Instructions for the task: Copy all records precisely, apart from the pictures.
........
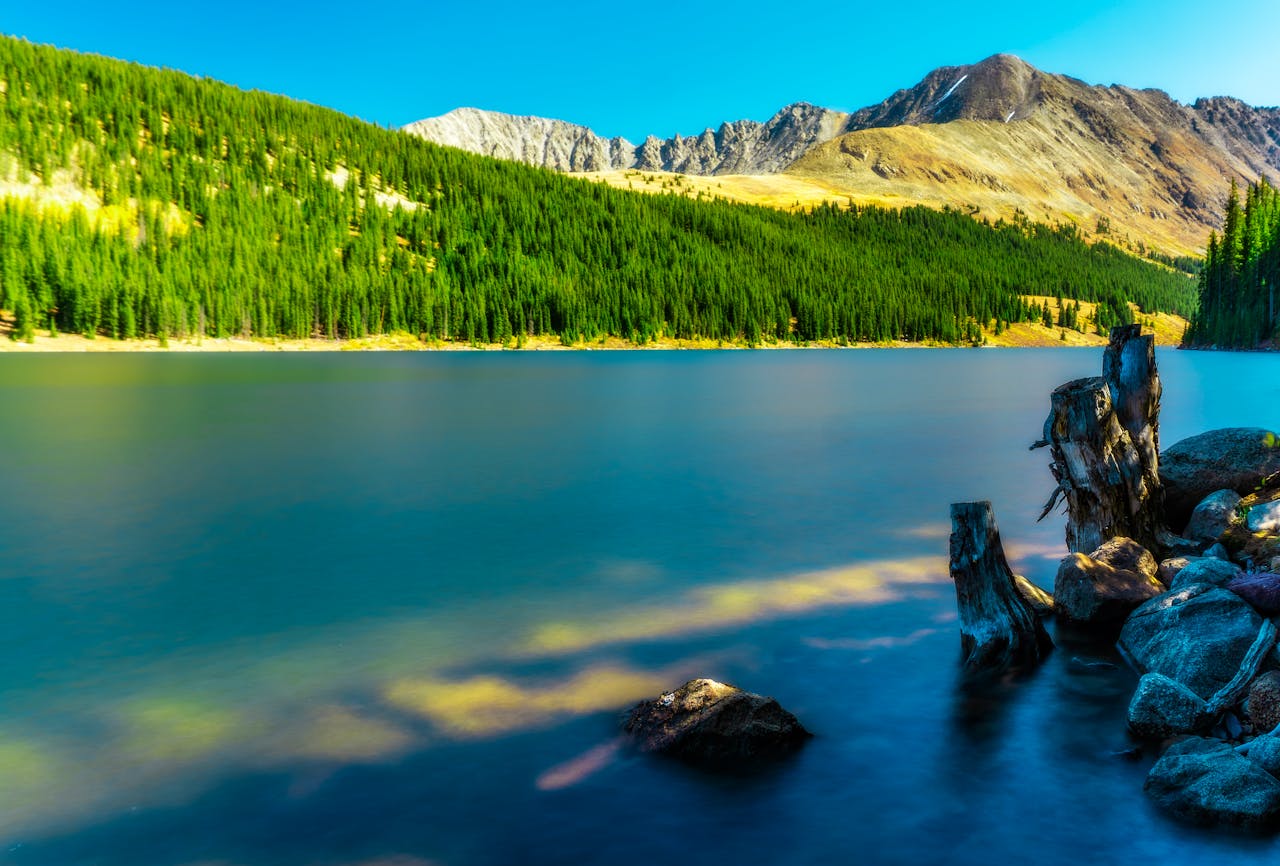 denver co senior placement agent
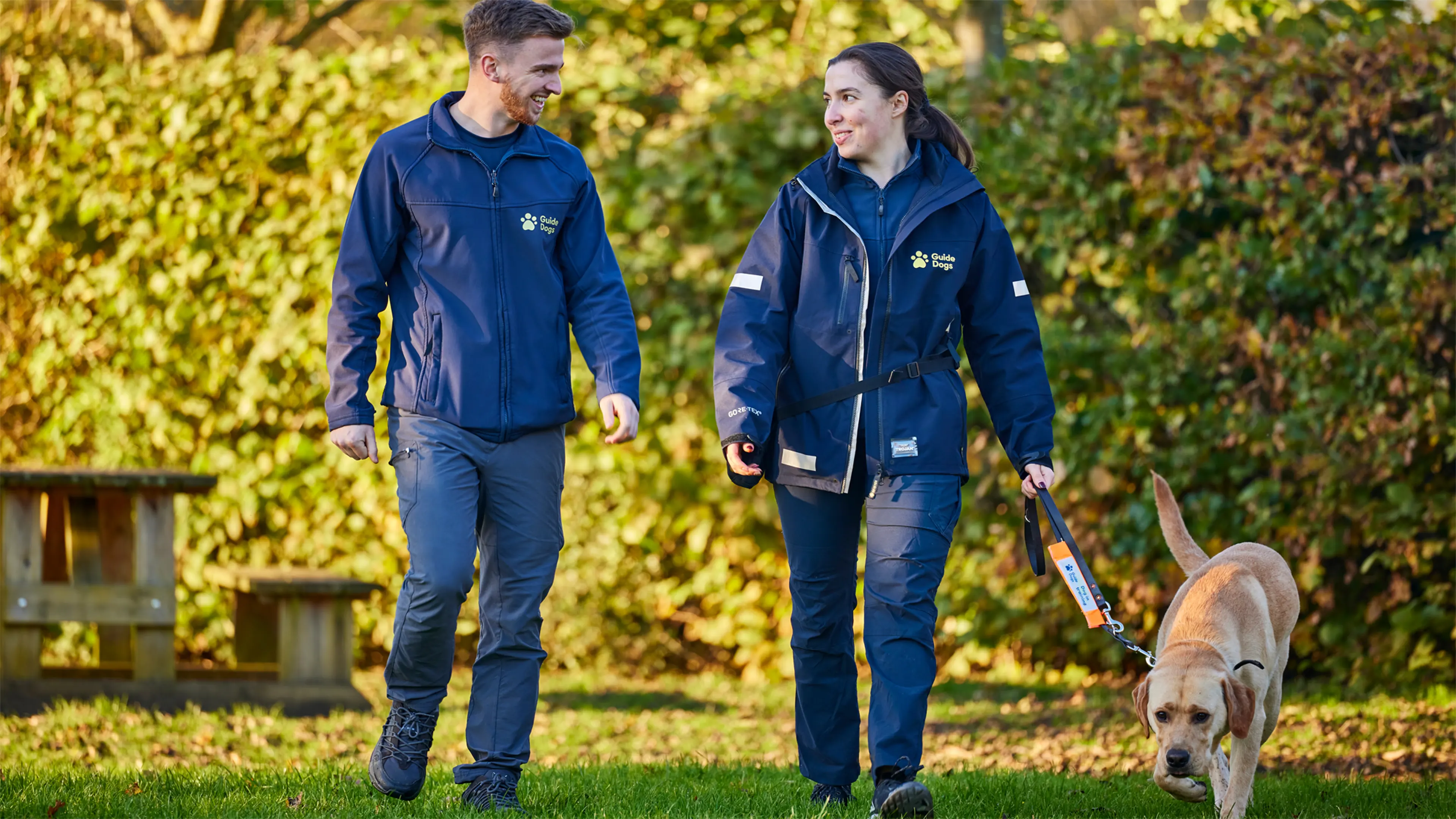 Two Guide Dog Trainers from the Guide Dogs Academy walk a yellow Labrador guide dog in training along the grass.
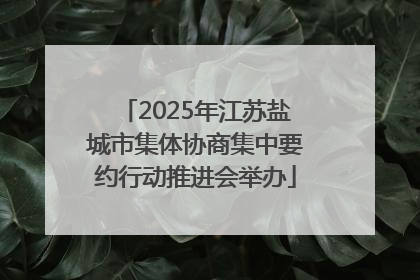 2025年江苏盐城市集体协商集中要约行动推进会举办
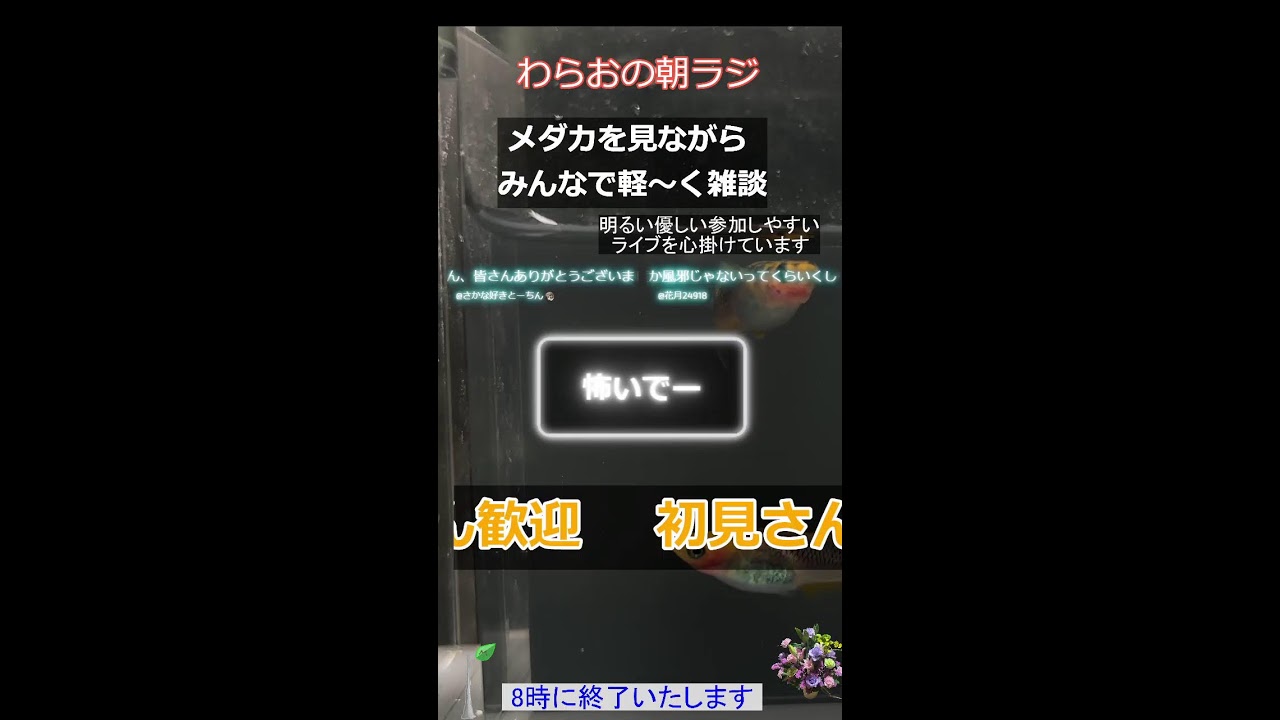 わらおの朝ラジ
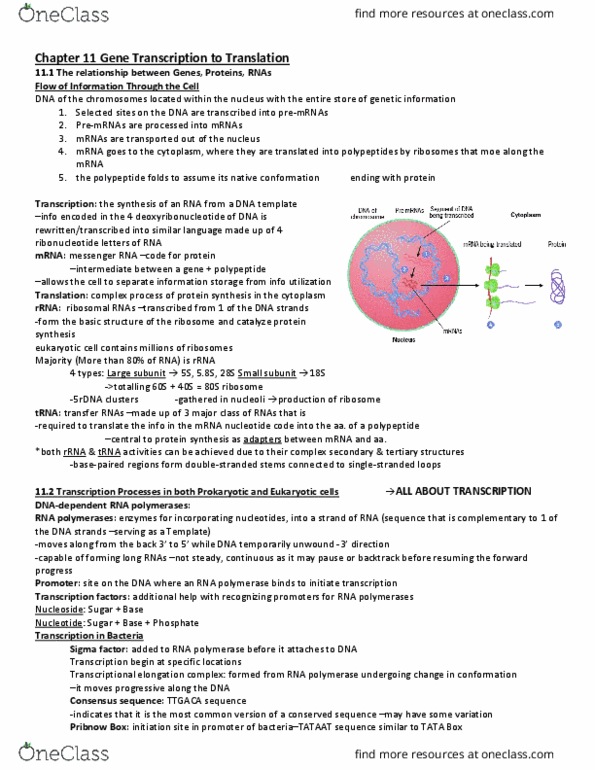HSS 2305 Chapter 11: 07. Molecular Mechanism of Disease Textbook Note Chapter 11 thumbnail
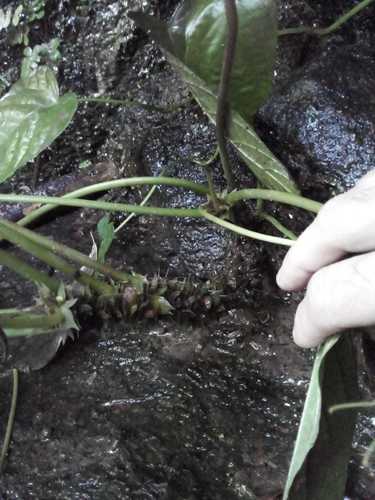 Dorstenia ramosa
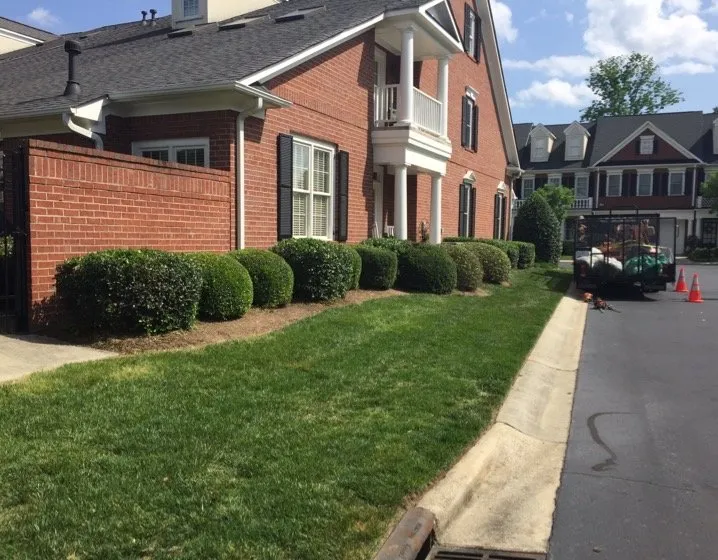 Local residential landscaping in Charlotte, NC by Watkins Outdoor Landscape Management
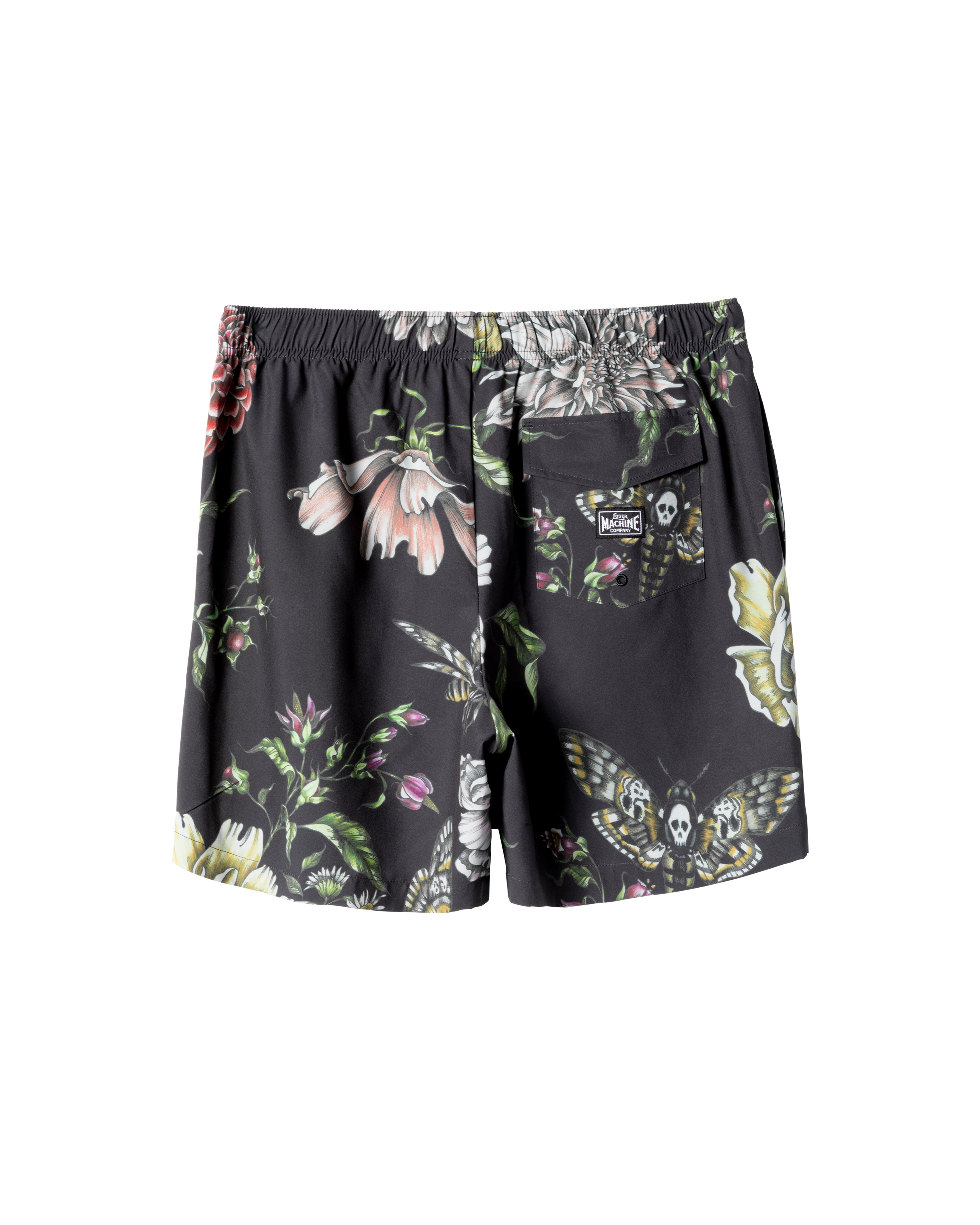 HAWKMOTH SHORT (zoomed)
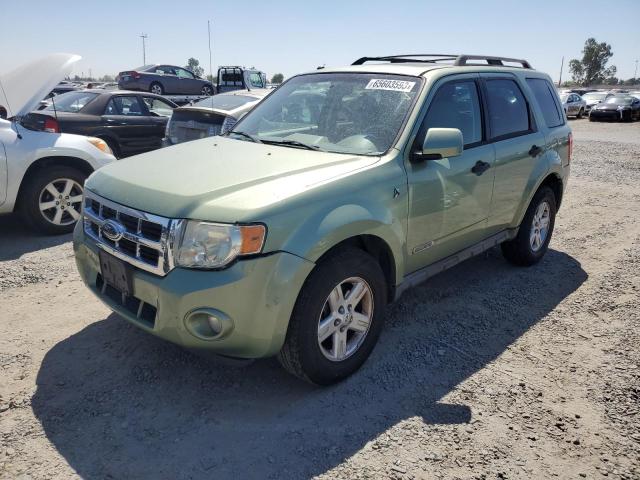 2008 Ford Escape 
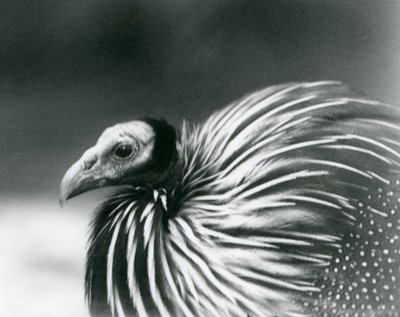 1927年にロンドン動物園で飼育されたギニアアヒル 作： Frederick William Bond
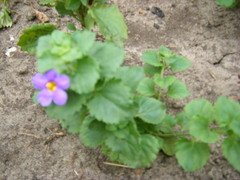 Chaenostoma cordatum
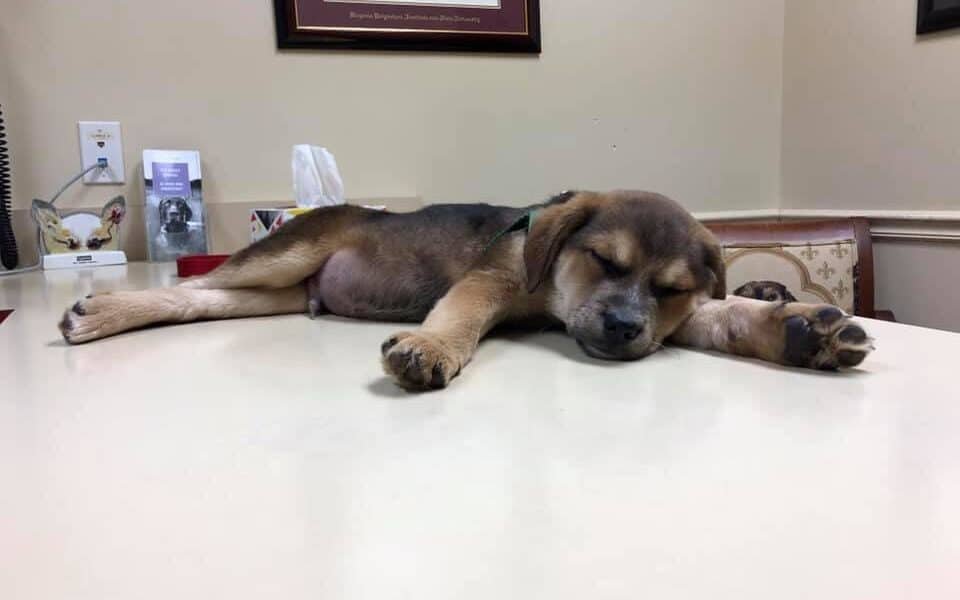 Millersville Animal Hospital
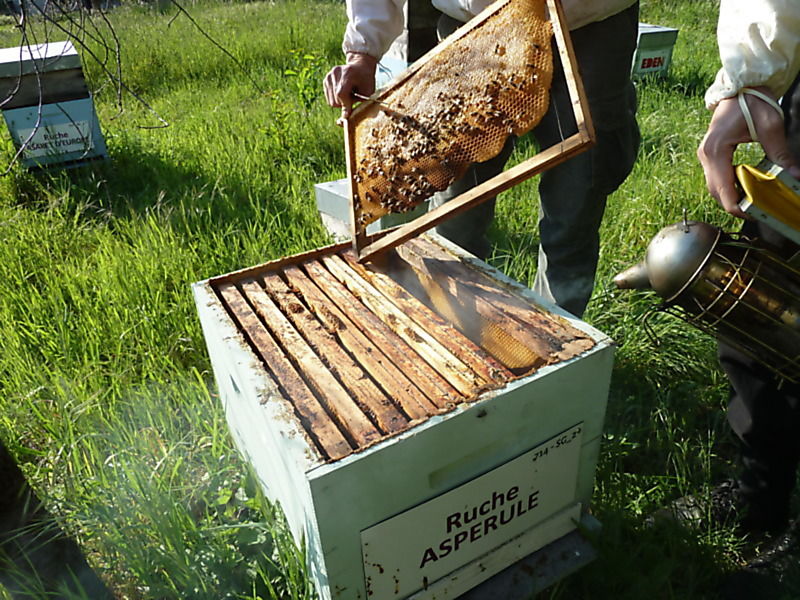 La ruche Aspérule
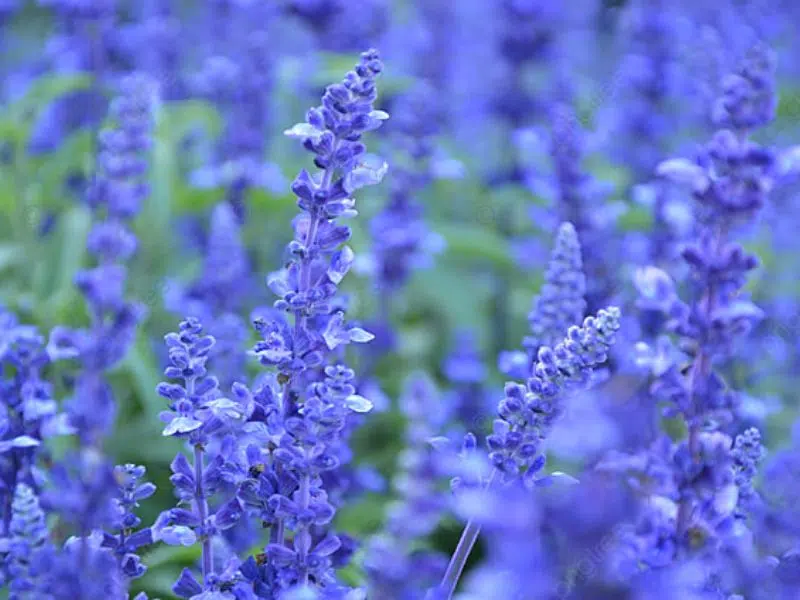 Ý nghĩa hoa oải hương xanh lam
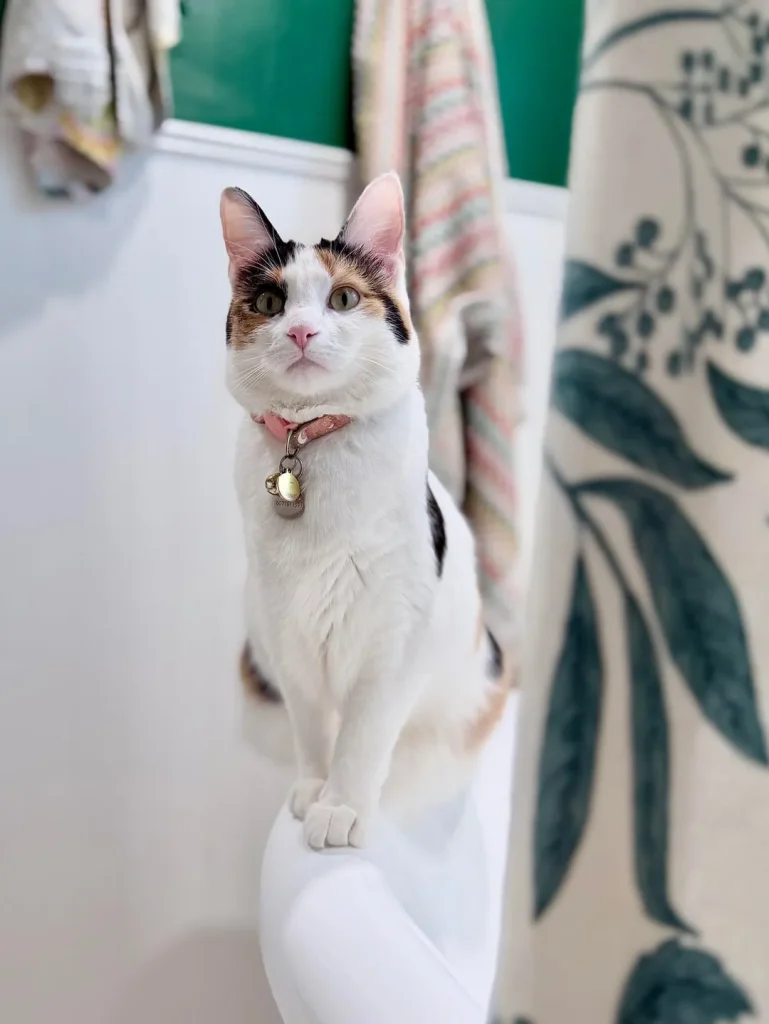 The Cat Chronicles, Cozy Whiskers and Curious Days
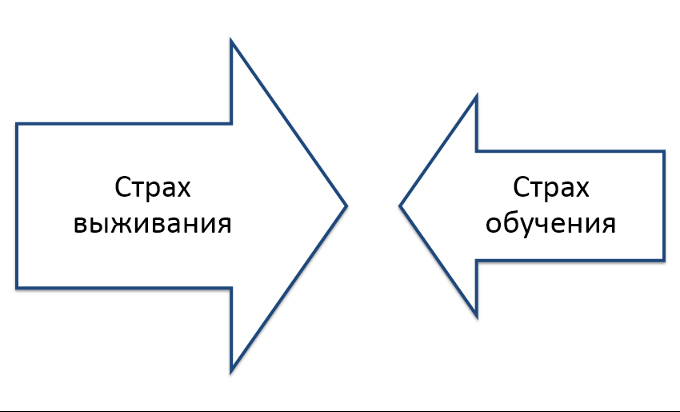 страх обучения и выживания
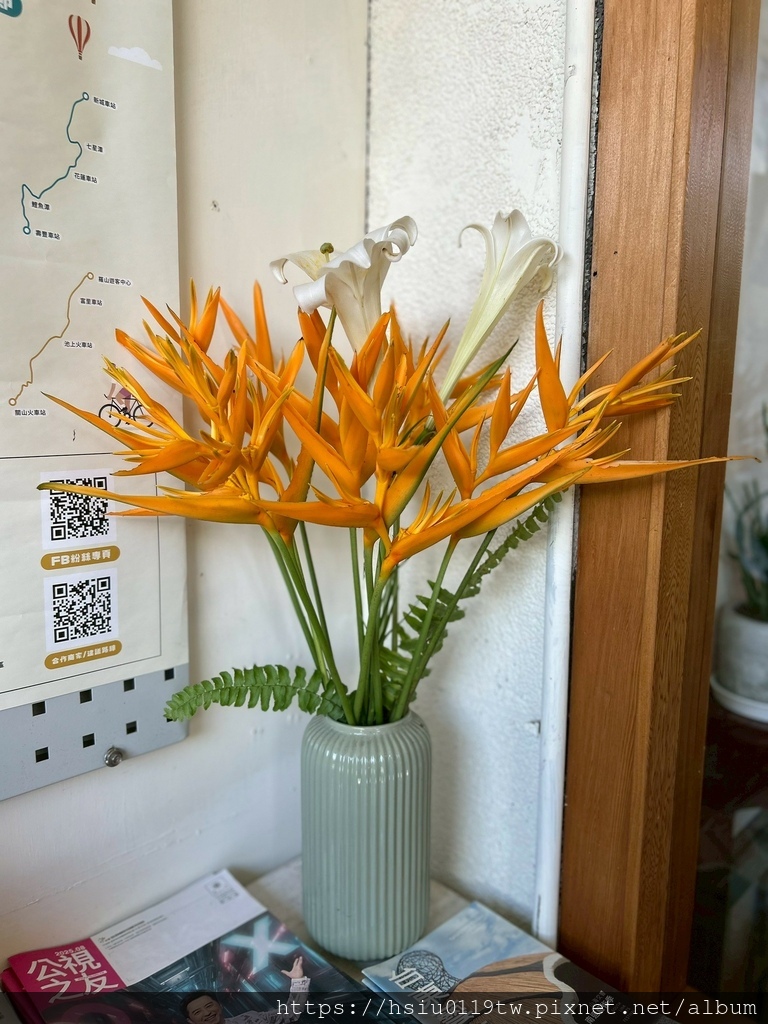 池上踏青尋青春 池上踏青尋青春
........
Expected answer:
 denver co senior placement agent
 Two Guide Dog Trainers from the Guide Dogs Academy walk a yellow Labrador guide dog in training along the grass.
 2025年江苏盐城市集体协商集中要约行动推进会举办
 わらおの朝ラジ
HSS 2305 Chapter 11: 07. Molecular Mechanism of Disease Textbook Note Chapter 11 thumbnail
 Dorstenia ramosa
 Local residential landscaping in Charlotte, NC by Watkins Outdoor Landscape Management
 HAWKMOTH SHORT (zoomed)
 2008 Ford Escape 
 1927年にロンドン動物園で飼育されたギニアアヒル 作： Frederick William Bond
 Chaenostoma cordatum
 Millersville Animal Hospital
 La ruche Aspérule
 Ý nghĩa hoa oải hương xanh lam
 The Cat Chronicles, Cozy Whiskers and Curious Days
 страх обучения и выживания
 池上踏青尋青春 池上踏青尋青春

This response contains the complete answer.